You must have the security_admin role to manage the OAuth integration. Configure OAuth 2.0 for the following scenarios:
- OAuth external client scenario (Inbound): Your instance provides an endpoint for third-party clients to pull data from the instance.
- OAuth provider scenario (Outbound): Your instance pulls data from a third-party provider.
Both, simple security and high security frameworks support OAuth 2.0. High Security is recommended. See for information about which versions have high security already active and how to activate high security.

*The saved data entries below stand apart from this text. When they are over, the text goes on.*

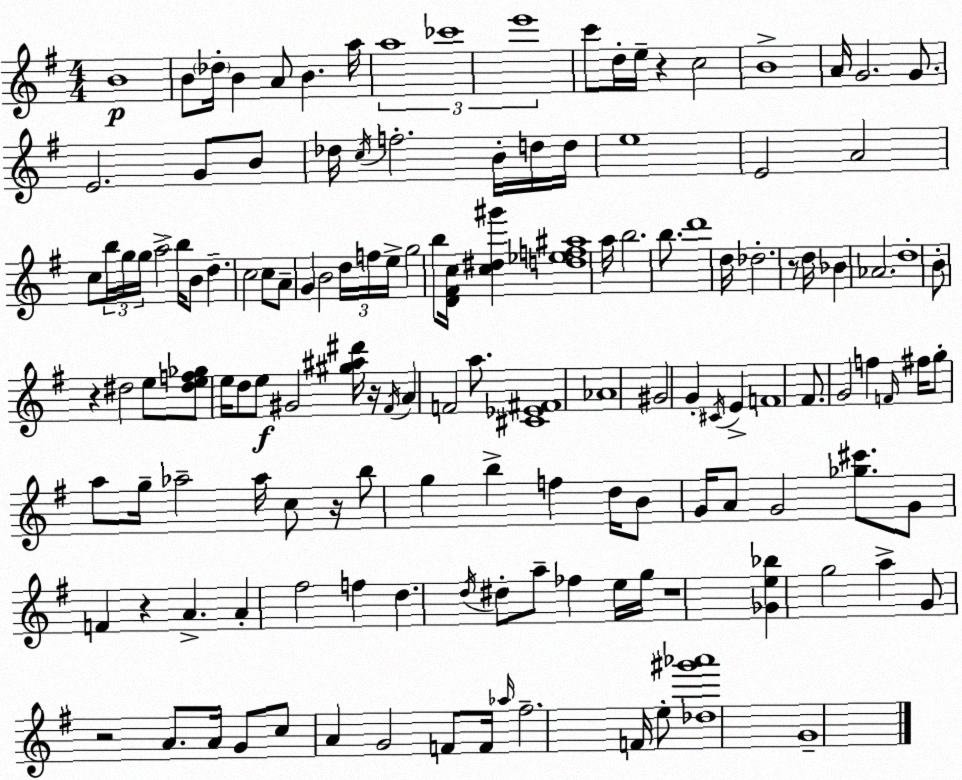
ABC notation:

X:1
T:Untitled
M:4/4
L:1/4
K:G
B4 B/2 _d/4 B A/2 B a/4 a4 _c'4 e'4 c'/2 d/4 e/4 z c2 B4 A/4 G2 G/2 E2 G/2 B/2 _d/4 c/4 f2 B/4 d/4 d/4 e4 E2 A2 c/2 b/4 g/4 g/4 a2 b/4 B/2 d c2 c/2 A/2 G B2 d/4 f/4 e/4 g2 b/2 [D^Fc]/4 [c^d^g'] [d_ef^a]4 a/4 b2 b/2 d'4 d/4 _d2 z/2 d/4 _B _A2 d4 B/2 z ^d2 e/2 [^def_g]/2 e/4 d/2 e/2 ^G2 [^g^a^d']/4 z/4 ^F/4 A F2 a/2 [^C_E^F]4 _A4 ^G2 G ^C/4 E F4 ^F/2 G2 f F/4 ^f/4 g/2 a/2 g/4 _a2 _a/4 c/2 z/4 b/2 g b f d/4 B/2 G/4 A/2 G2 [_g^c']/2 G/2 F z A A ^f2 f d d/4 ^d/2 a/2 _f e/4 g/4 z4 [_Ge_b] g2 a G/2 z2 A/2 A/4 G/2 c/2 A G2 F/2 F/4 _a/4 ^f2 F/4 e/2 [_d^g'_a']4 G4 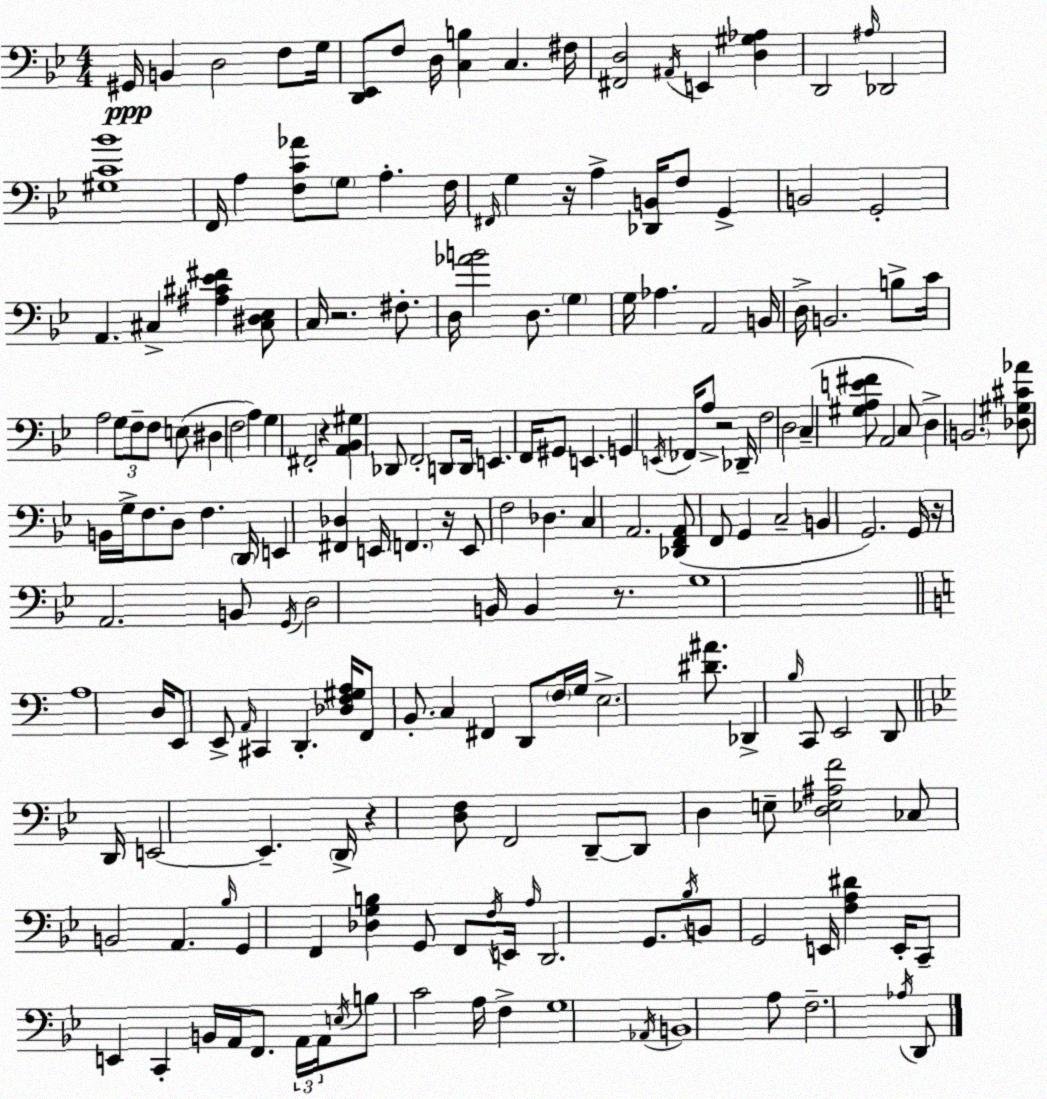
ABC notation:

X:1
T:Untitled
M:4/4
L:1/4
K:Bb
^G,,/4 B,, D,2 F,/2 G,/4 [D,,_E,,]/2 F,/2 D,/4 [C,B,] C, ^F,/4 [^F,,D,]2 ^A,,/4 E,, [D,^G,_A,] D,,2 ^A,/4 _D,,2 [^G,C_B]4 F,,/4 A, [F,C_A]/2 G,/2 A, F,/4 ^F,,/4 G, z/4 A, [_D,,B,,]/4 F,/2 G,, B,,2 G,,2 A,, ^C, [^A,^C_E^F] [^C,^D,_E,]/2 C,/4 z2 ^F,/2 D,/4 [_AB]2 D,/2 G, G,/4 _A, A,,2 B,,/4 D,/4 B,,2 B,/2 C/4 A,2 G,/2 F,/2 F,/2 E,/2 ^D, F,2 A, G, ^F,,2 z [A,,_B,,^G,] _D,,/2 F,,2 D,,/2 D,,/4 E,, F,,/4 ^G,,/2 E,, G,, E,,/4 _F,,/4 A,/2 z2 _D,,/4 F,2 D,2 C, [^G,A,E^F]/2 A,,2 C,/2 D, B,,2 [_D,^G,^C_A]/2 B,,/4 G,/4 F,/2 D,/2 F, D,,/4 E,, [^F,,_D,] E,,/4 F,, z/4 E,,/2 F,2 _D, C, A,,2 [_D,,F,,A,,]/2 F,,/2 G,, C,2 B,, G,,2 G,,/4 z/4 A,,2 B,,/2 G,,/4 D,2 B,,/4 B,, z/2 G,4 A,4 D,/4 E,,/2 E,,/2 A,,/4 ^C,, D,, [_D,F,^G,A,]/4 F,,/2 B,,/2 C, ^F,, D,,/2 F,/4 G,/4 E,2 [^D^A]/2 _D,, B,/4 C,,/2 E,,2 D,,/2 D,,/4 E,,2 E,, D,,/4 z [D,F,]/2 F,,2 D,,/2 D,,/2 D, E,/2 [D,_E,^A,F]2 _C,/2 B,,2 A,, _B,/4 G,, F,, [_D,G,B,] G,,/2 F,,/2 F,/4 E,,/4 A,/4 D,,2 G,,/2 _B,/4 B,,/2 G,,2 E,,/4 [F,A,^D] E,,/4 C,,/2 E,, C,, B,,/4 A,,/4 F,,/2 A,,/4 A,,/4 E,/4 B,/2 C2 A,/4 F, G,4 _A,,/4 B,,4 A,/2 F,2 _A,/4 D,,/2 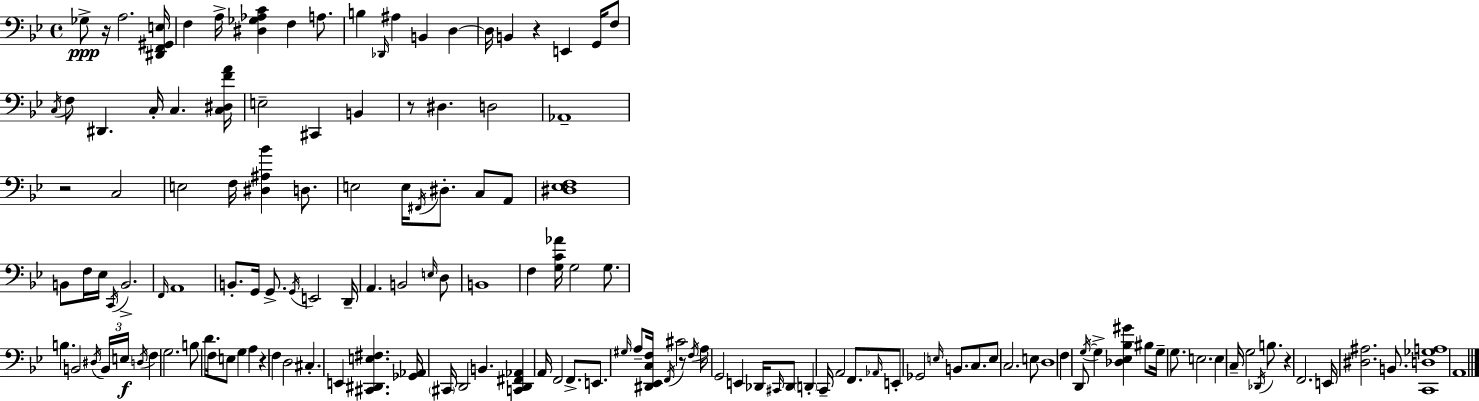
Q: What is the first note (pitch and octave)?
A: Gb3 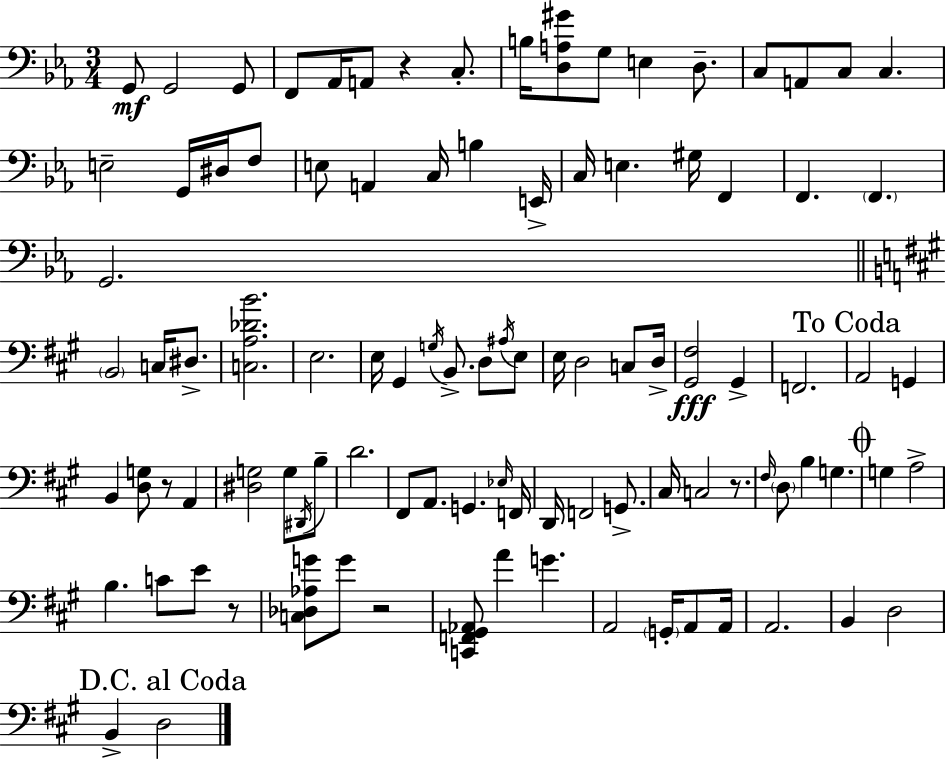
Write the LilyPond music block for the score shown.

{
  \clef bass
  \numericTimeSignature
  \time 3/4
  \key ees \major
  \repeat volta 2 { g,8\mf g,2 g,8 | f,8 aes,16 a,8 r4 c8.-. | b16 <d a gis'>8 g8 e4 d8.-- | c8 a,8 c8 c4. | \break e2-- g,16 dis16 f8 | e8 a,4 c16 b4 e,16-> | c16 e4. gis16 f,4 | f,4. \parenthesize f,4. | \break g,2. | \bar "||" \break \key a \major \parenthesize b,2 c16 dis8.-> | <c a des' b'>2. | e2. | e16 gis,4 \acciaccatura { g16 } b,8.-> d8 \acciaccatura { ais16 } | \break e8 e16 d2 c8 | d16-> <gis, fis>2\fff gis,4-> | f,2. | \mark "To Coda" a,2 g,4 | \break b,4 <d g>8 r8 a,4 | <dis g>2 g8 | \acciaccatura { dis,16 } b8-- d'2. | fis,8 a,8. g,4. | \break \grace { ees16 } f,16 d,16 f,2 | g,8.-> cis16 c2 | r8. \grace { fis16 } \parenthesize d8 b4 g4. | \mark \markup { \musicglyph "scripts.coda" } g4 a2-> | \break b4. c'8 | e'8 r8 <c des aes g'>8 g'8 r2 | <c, f, gis, aes,>8 a'4 g'4. | a,2 | \break \parenthesize g,16-. a,8 a,16 a,2. | b,4 d2 | \mark "D.C. al Coda" b,4-> d2 | } \bar "|."
}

Key concepts of the OAuth 2.0 implementation
| Concept | Description |
|---|---|
| Resource Owner | An entity capable of granting access to a protected resource. A resource owner who is a person is called an end user. The resource owner is always a user account. |
| Client | An application that, with the authorization of the resource owner, makes requests for protected resources on behalf of the resource owner. |
| Resource Server | The server that hosts the protected resources, capable of accepting and responding to requests for protected resources. |
| Authorization Server | The server that issues access tokens to the client after successfully authenticating the resource owner and obtaining authorization. |
| Authorization Request | The permission that a client requires to access a protected resource. The authorization request is always an HTTP POST message that contains the ID of the client that is acting on behalf of the resource owner and credentials that authorize the request. |
| Authorization Grant | A credential that represents the authorization from the resource owner to access a resource. The authorization grant is either user login credentials or a refresh token. |
| Access Token | A secure string that a client uses to access protected resources. An instance issues
access tokens to clients that have a valid authorization grant. Each access token has a
specific scope, lifespan, and other attributes. By default, an instance issues access tokens with a 30-minute lifespan in the scenario where the instance is the OAuth provider. For third-party tokens, 30 days. |
| Refresh Token | A credential that a client uses to obtain new access tokens without requiring
additional user authorization. An instance issues a refresh token to a client when it is
first authorized to have an access token. By default, an instance issues refresh tokens with a 100-day lifespan in the scenario where the instance is the OAuth provider. For third-party tokens, 365 days. |
| Self-signed certificates | The ServiceNow AI Platform does not support self-signed certificates. The OAuth client does not utilize the certificate trust store or allow connection to OAuth endpoints that incorporate a self-signed certificate. |
| User agent | The user who delegates access rights to a client application, which is often a website. The access rights permit the client application or website to access data in the instance that the user has access rights to. The user agent is used in the scenario. |
OAuth grant types
- Authorization code: The consumer first gets an authorization code and then uses it to get an access token. You can Specify an OAuth profile and specify this grant type. The process that uses the authorization code is also referred to as auth code flow or authorization code flow.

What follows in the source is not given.